If Morgan Stanley’s equity syndicate desk is (was?) the sell-side center of the block-trading universe, it’s buy-side counterpart, in Asia, at least, is Segantii Capital Management. The hedge fund is “everyone’s first call on pricing risk, they’re a big liquidity provider in Hong Kong, they’re in every deal,” one portfolio manager told the Financial Times.
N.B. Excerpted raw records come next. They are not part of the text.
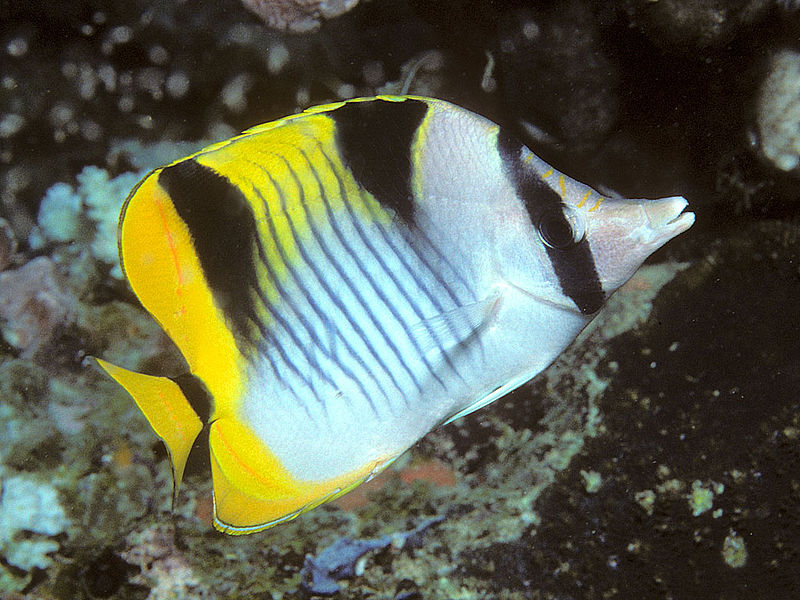 File:Bep chaetodon falcula.jpg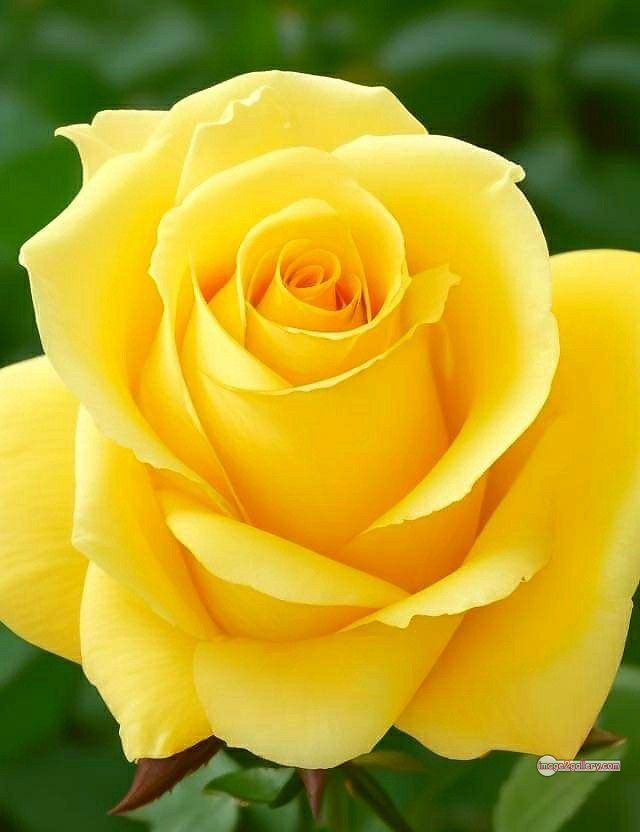 3300+ Beautiful Rose Flowers Image | Rose Flower HD Pic Download | 770 beautiful yellow roses -(1)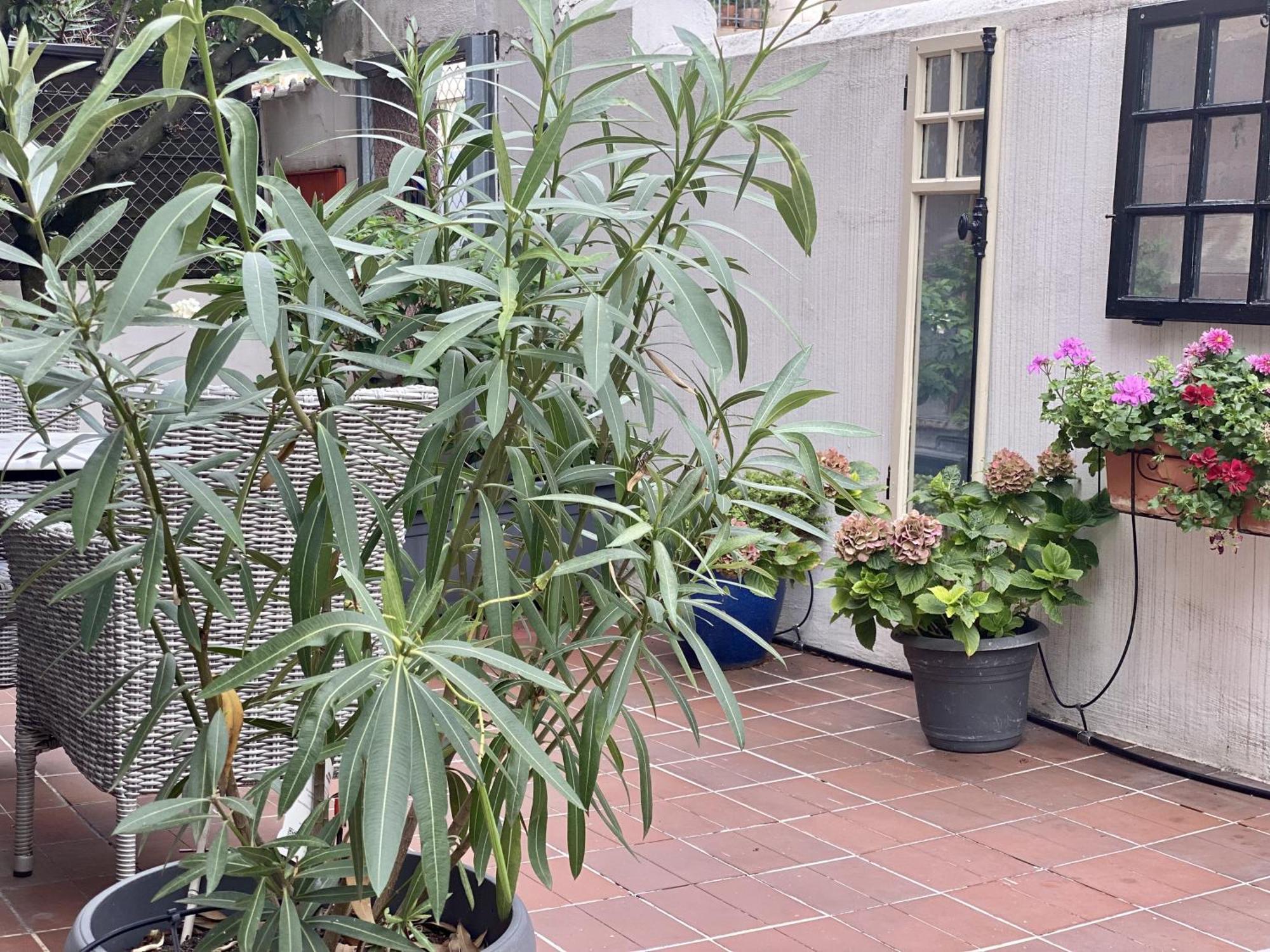 Georgian Guest Rooms Basel Ngoại thất bức ảnh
At least, they were, until another major block-trade player called Archegos Capital Management went belly-up and, combined with the then-two-year-old U.S. probe into the practice—one that was not yet public knowledge—with subpoenas targeting at least one former Segantii employee’s chats with Morgan Stanley block-trading kingpin Pawan Passi, made some people’s feet a bit frosty.
BofA has stopped trading with Segantii in all financial instruments…. BofA’s market supervision team in the US issued a global directive to “cut off” Segantii in early 2021, in relation to trading by the fund around blocks of shares that had been placed on public markets by other banks.
Others took a little longer to come around to the idea that continuing to feed Segantii block trades was perhaps no longer in their interest.
Citigroup has suspended its equity trading relationship with the fund but has continued to trade with it in other products such as derivatives…. Citigroup “stepped away” from Segantii more recently, according to a second person with knowledge of the matter. “When the headlines [concerning the probe into block trading by some Wall Street institutions] started they said ‘risk off’,” the person said, referring to the process by which a bank reduces its exposure to a client.
As for others, well, the gravy train appears to still be rolling, whatever Gary Gensler and his prosecutorial allies think.
A number of other large banks including Goldman Sachs are still trading with Segantii….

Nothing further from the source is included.